The second sentence can't be a requirement on authors, since that would 
contradict the first requirement. Thus it's a UA requirement.


> Otherwise, I don't follow its meaning (perhaps I'm the only confused 
> one). I mean, as far as I know, xml derived languages require a closing 
> tag for every elements, while html has never had such requirements per 
> se, but that's a matter of syntax, not semantics. And, semantically 
> speaking, whatever (but a closing tag) follows an element which can't 
> have children, in the markup, obviously consists of one or more siblings 
> of such element, while its closing tag (again, that's syntax), if 
> misplaced, or not provided for by syntax rules at all, causes a parse 
> error (which may, or may not, be handled gracefully by the u.a., that's 
> a matter of parsing rules). That is, declaring an element as "empty" 
> should imply per se that the element cannot have any descendant, so its 
> content is not... its content, but a syntax error. Perhaps, defining the 
> empty content model such way might avoid misunderstandings. Or am I 
> making some mistakes?

The requirements have nothing to do with the syntax here; <br> elements 
can end up with contents in a variety of ways, e.g. through the DOM or 
using XML.


On Thu, 18 Dec 2008, Giovanni Campagna wrote:
> 2008/12/17 Ian Hickson <ian at hixie.ch>
> >
> > This doesn't cost any time in HTML either, since the tokeniser doesn't 
> > need to worry about what tags have end tags, the tree construction 
> > side just drops unexpected end tags on the floor.
>
> I don't think authors expect tags to disappear.

That's possible, but my point was just related to the performance aspect.

We're very constrained by the legacy for text/html's syntax; sadly, 
usability concerns aren't really able to make us change the language.

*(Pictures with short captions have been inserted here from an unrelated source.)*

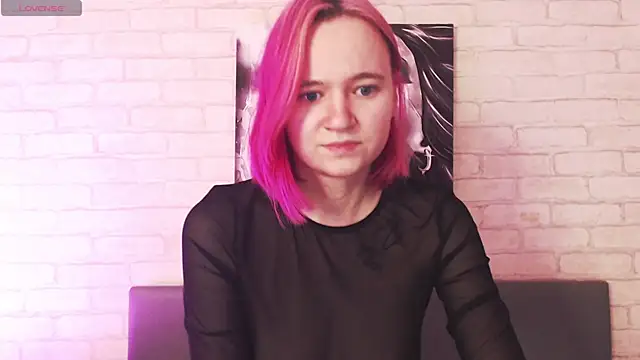 Ericha Stone online show from 26, 9, 2025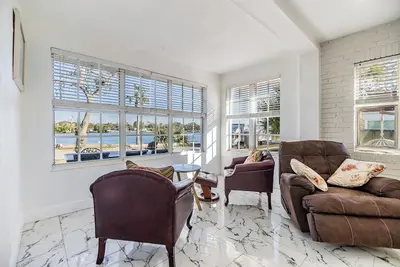Image de Waterfront 3bd\/2ba Home in St. Pete w\/ Kayaks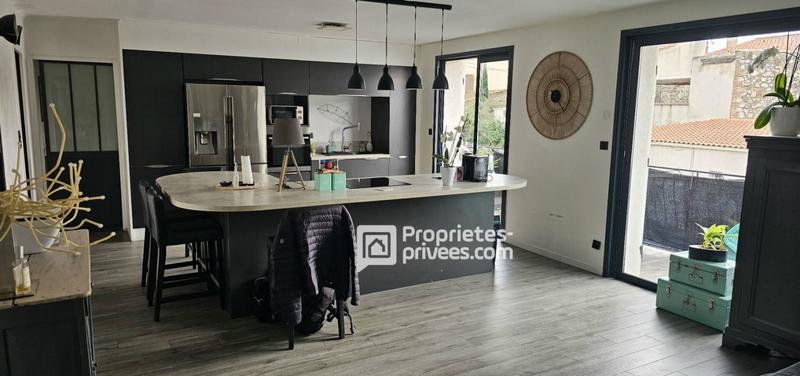 Maison - 190 m² - 8 pièces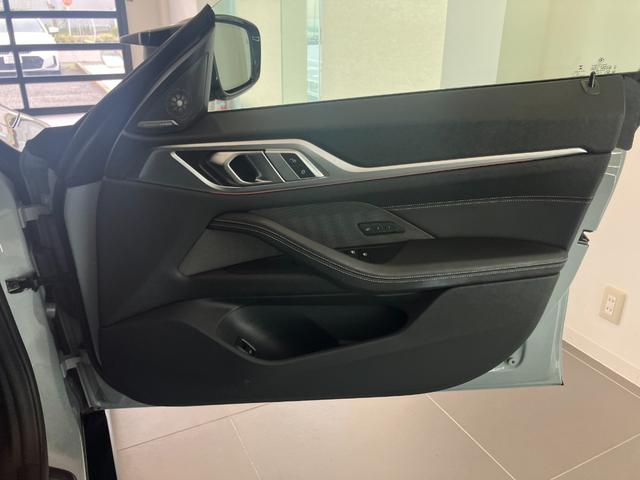 ４シリーズ Ｍ４４０ｉ　ｘＤｒｉｖｅグランクーペ　認定中古車　Ｍ　スポーツ　ブレーキ　　Ｍ　スポーツディファレンシャル　アダプティブ　Ｍ　サスペンション　コンフォートアクセス　電動サンルーフ　シート　ヒーター　運転席／助手席（40枚目）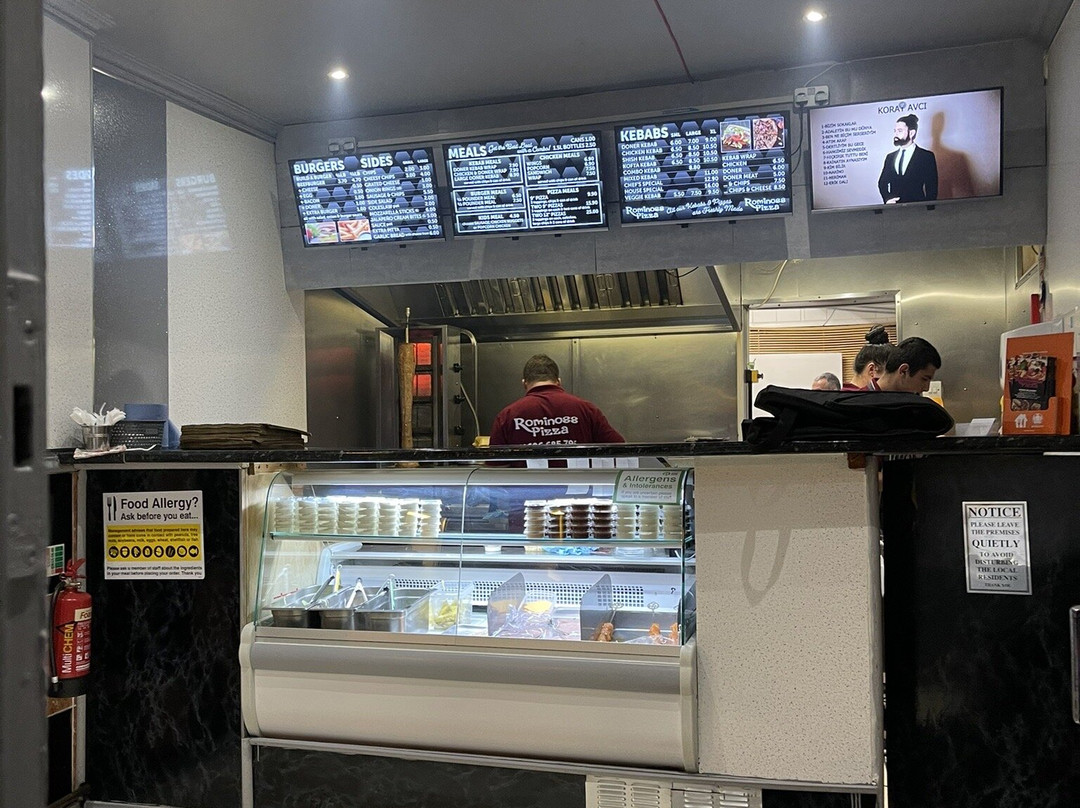 Rominos Pizza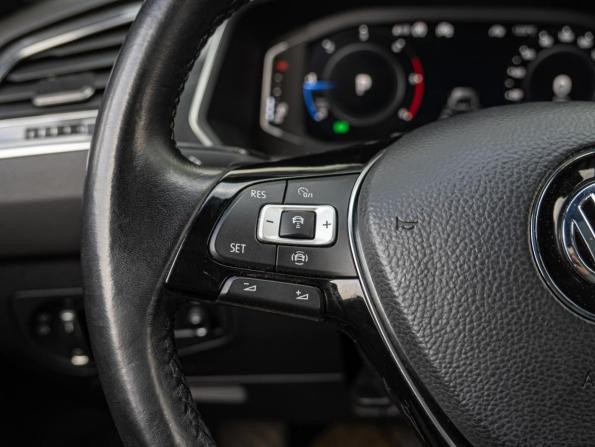 Volkswagen Tiguan II с пробегом 2020 года, цена 3 340 000 рублей, 89955 км, внедорожник, Автокод Объявления
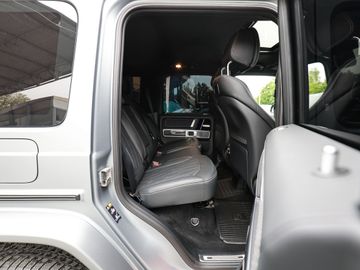 Mercedes G 400 - 8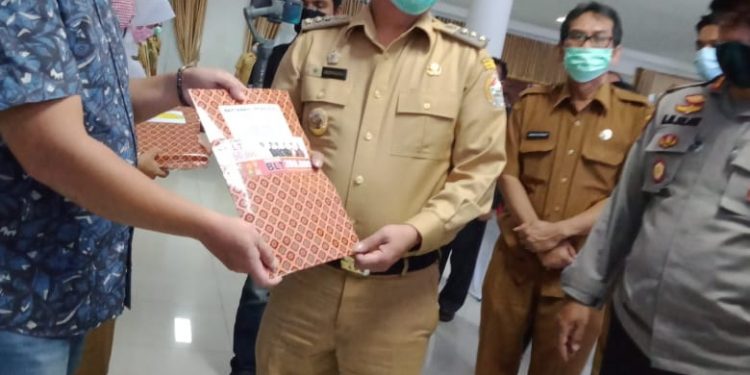 Pemkab Taput Serahkan BLT Kepada Warga Terdampak Covid-19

> > > don't check for insertion modes
> >
> > Having an insertion mode isn't particularly a performance cost. (It 
> > affects code footprint, but that's about it.)
>
> 1) it needs more code (one x insertion mode): more code is always less 
> performance, even if it is just to load a bigger executable

Sure, but in this case the code footprints are the same, in practice, 
according to reports from browser vendors.

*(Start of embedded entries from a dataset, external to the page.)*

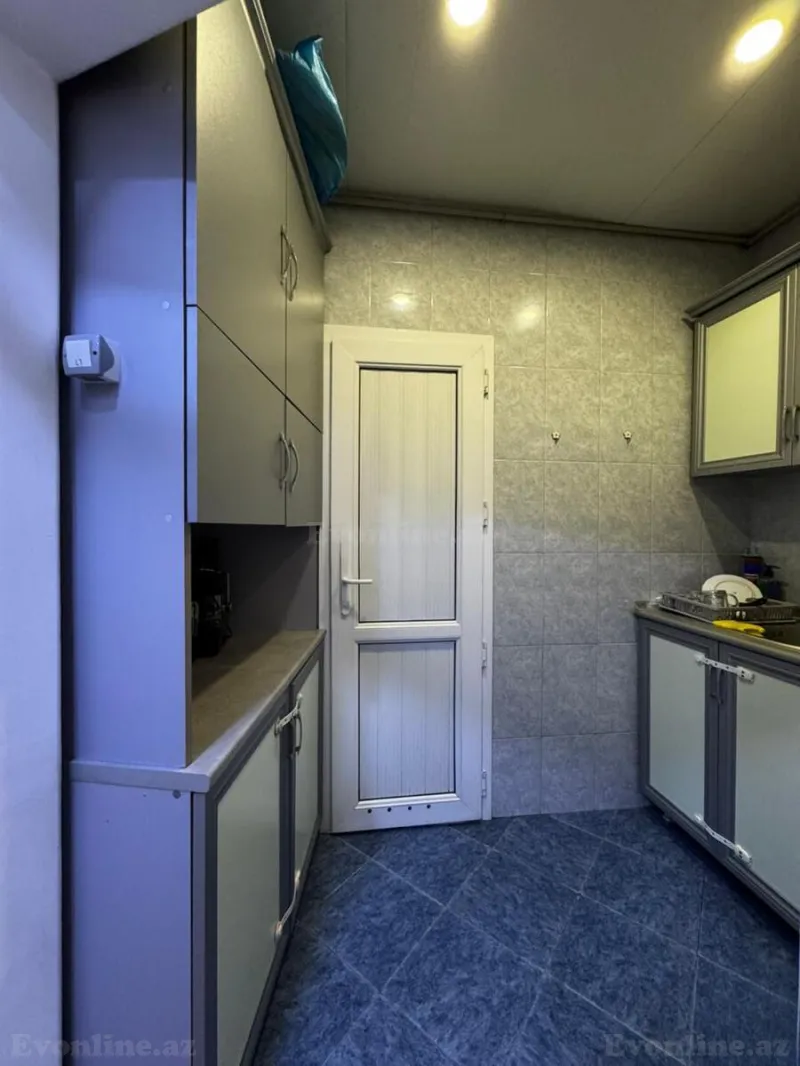 Satılır 2 otaqlı Mənzil Köhnə tikili 40 m² Elmlər Akademiyası m. - şəkil 11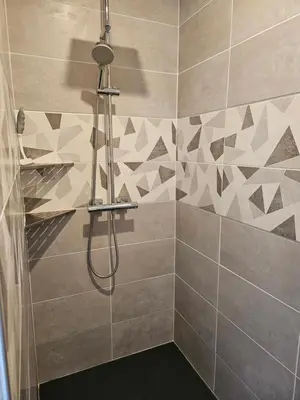 Salle de bains dans l'établissement Chambre pleine de charme face à la muraille romaine et face à la cathédrale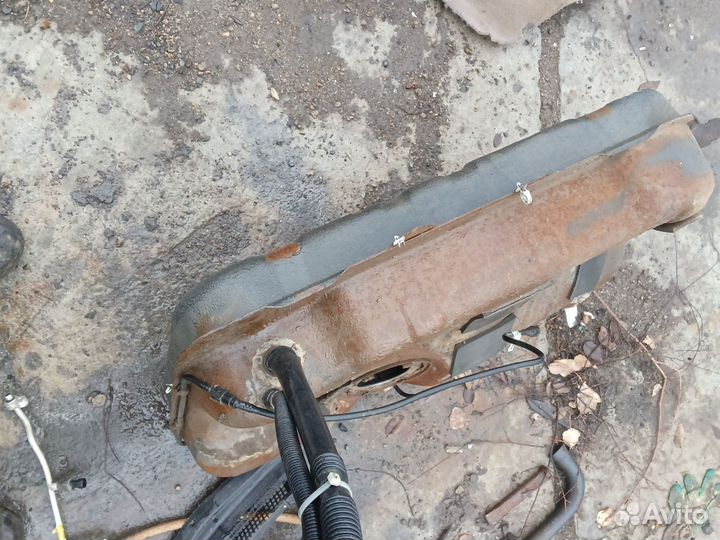 Бензобак daewoo leganza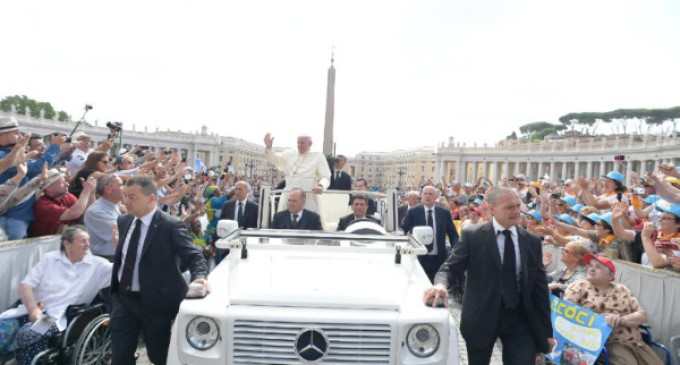 El Papa advierte sobre la indiferencia y la hostilidad que causan ceguera y sordera ante las necesidades de los hermanos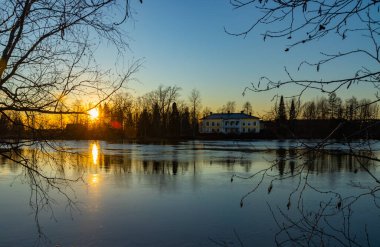 Şubat ayında Kymijoki nehrinde güzel bir günbatımı, Finlandiya.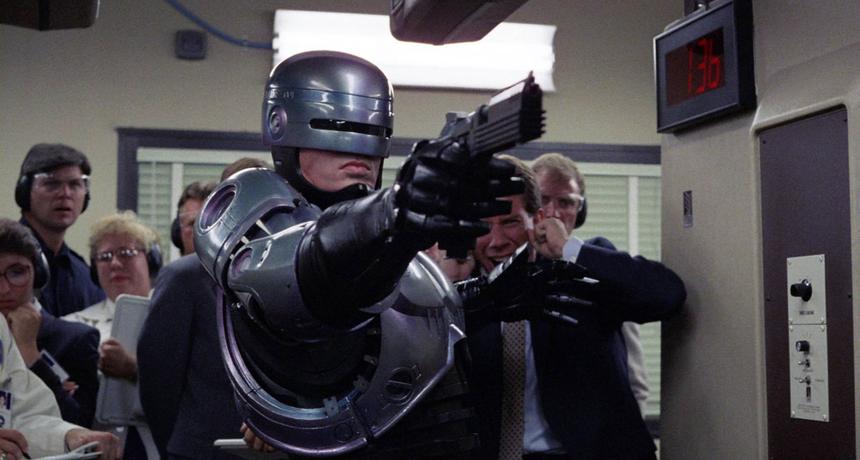 На 88-м году жизни умер продюсер «Робокопа», бывший полицейский Стефан Даунинг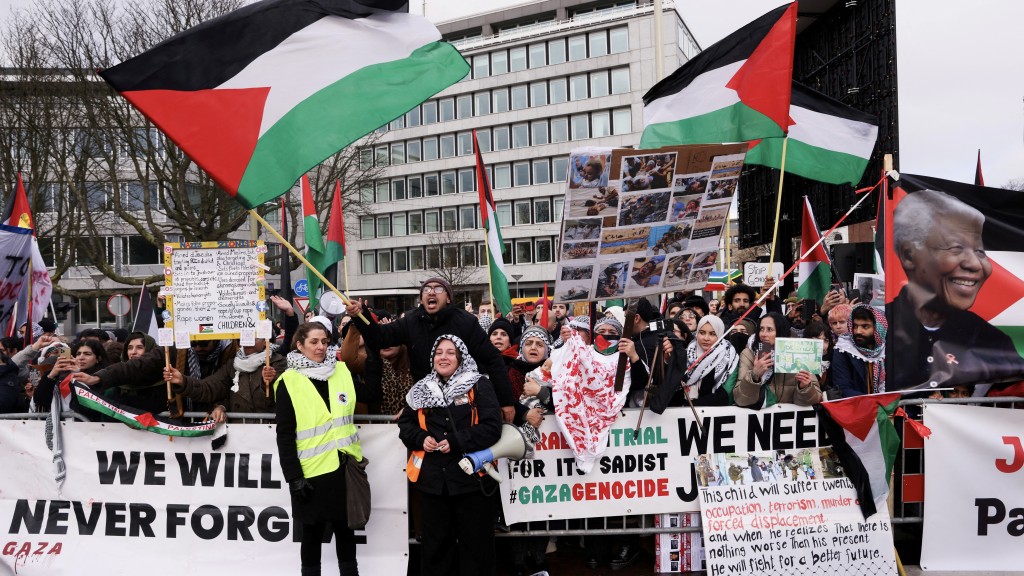 撐巴勒斯坦示威者在海牙國際法院 （ICJ）附近請願。 路透社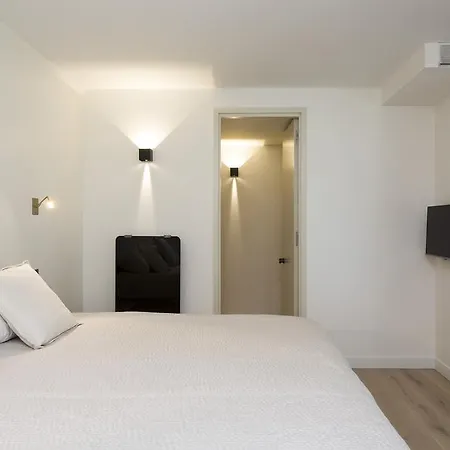 포슈 트리옹프 *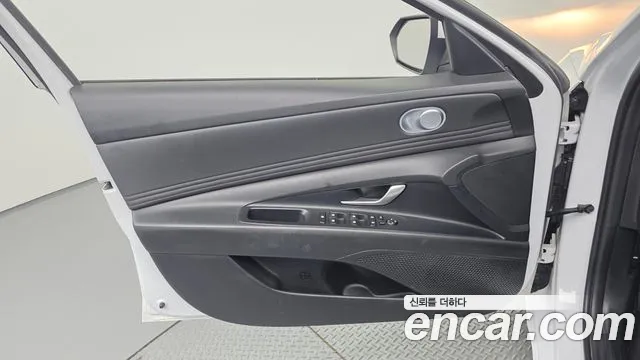 Hyundai Avante — Фото автомобиля 13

> 2) it needs code to select the insertion mode for the next element (when 
> the spec says to reset the insertion mode): in the worst case it has to 
> compare nodeName 18 times

There are implementation strategies that avoid these problems, e.g. using 
jump tables on interned names, and using function pointers instead of 
insertion mode flags.

> > > just parses the input completely any semantic or particular 
> > > behaviour associated with any tag. Then, when the DOMElement or 
> > > DOMAttr or DOM-whatever are built, they get the appropriate 
> > > interface (eg. HTMLElement) depending on the namespace.
> >
> > That's the same as HTML.
>
> No it is not. HTML defines special beaviour for the following elements: 
> address, area, article, aside, base, basefont, bgsound, blockquote, 
> body, br, center, col, colgroup, command, datagrid, dd, details, dialog, 
> dir, div, dl, dt, embed, eventsource fieldset, figure, footer, form, 
> frame, frameset, h1, h2, h3, h4, h5, h6, head, header, hr, iframe, img, 
> input, isindex, li, link, listing, menu, meta, nav, noembed, noframes, 
> noscript, ol, p, param, plaintext, pre, script, section, select, spacer, 
> style, tbody, textarea, tfoot, thead, title, tr, ul, and wbr. I think 
> they're quite too many to say that it is like XML

I don't wish to pretend that XML is like HTML; my point was that what you 
said above -- that elements get interfaces depending on the tag -- is the 
same in HTML and XML.


> > There are a number of HTML5 parser implementations, and data suggests 
> > that there is no particular performance gain.
>
> There are no actual HTML5 parser implementation, only HTML4 compatible 
> with new syntax. (are you sure that closed source browsers really do 
> what is written in the specification?)

As others have noted, there are in fact a variety of actual HTML5 parser 
implementations. Even browsers are working on implementations.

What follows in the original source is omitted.